● **Supplied entries**
= = = = = = =
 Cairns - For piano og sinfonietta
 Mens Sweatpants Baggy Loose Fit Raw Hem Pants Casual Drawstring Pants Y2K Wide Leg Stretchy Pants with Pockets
= = = = = = =
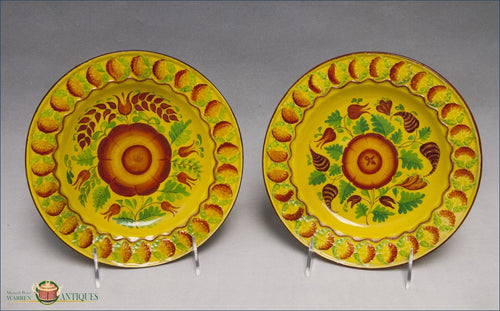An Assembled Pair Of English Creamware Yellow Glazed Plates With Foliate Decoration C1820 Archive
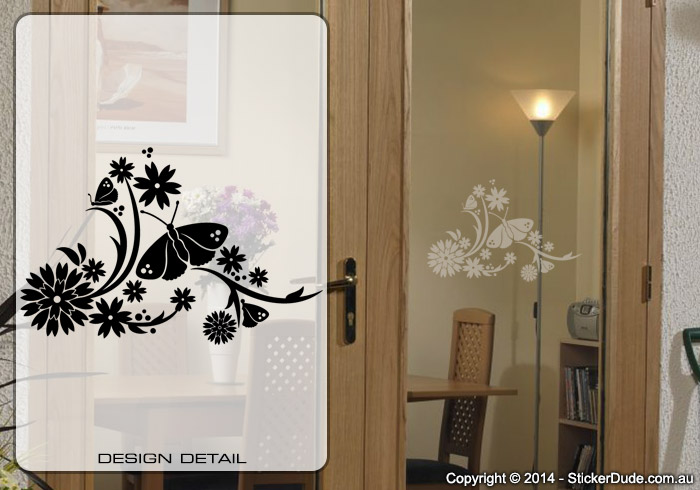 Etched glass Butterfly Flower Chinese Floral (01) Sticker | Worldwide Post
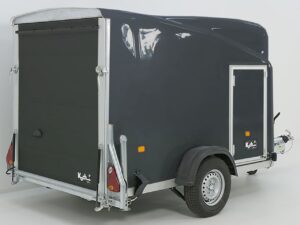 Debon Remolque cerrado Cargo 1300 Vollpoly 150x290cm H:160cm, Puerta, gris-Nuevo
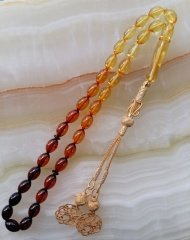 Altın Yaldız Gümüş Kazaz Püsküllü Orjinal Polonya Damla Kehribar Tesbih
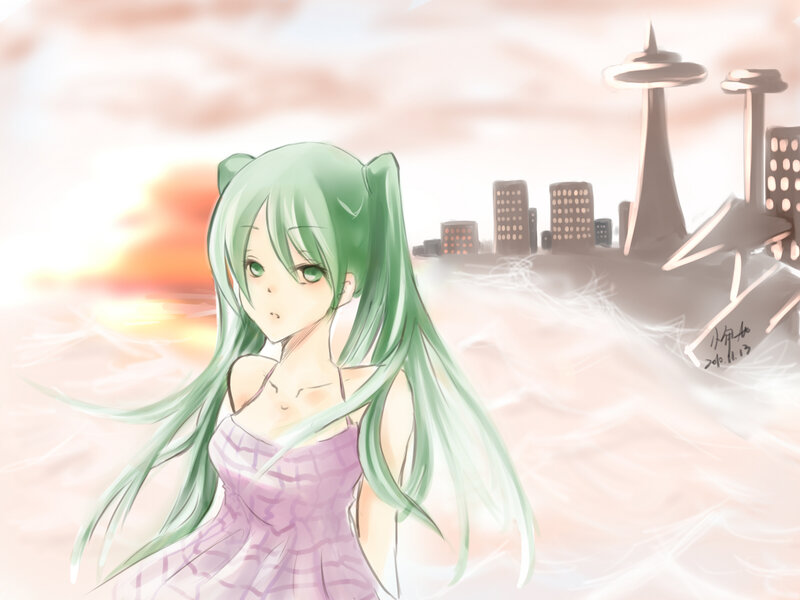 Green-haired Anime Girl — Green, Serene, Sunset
= = = = = = =
Look above for the line holding "Cairns - For piano og sinfonietta" and the line holding "Mens Sweatpants Baggy", then output exactly those two lines and every line between them, nothing more.

● **Task output**
 Cairns - For piano og sinfonietta
 Mens Sweatpants Baggy Loose Fit Raw Hem Pants Casual Drawstring Pants Y2K Wide Leg Stretchy Pants with Pockets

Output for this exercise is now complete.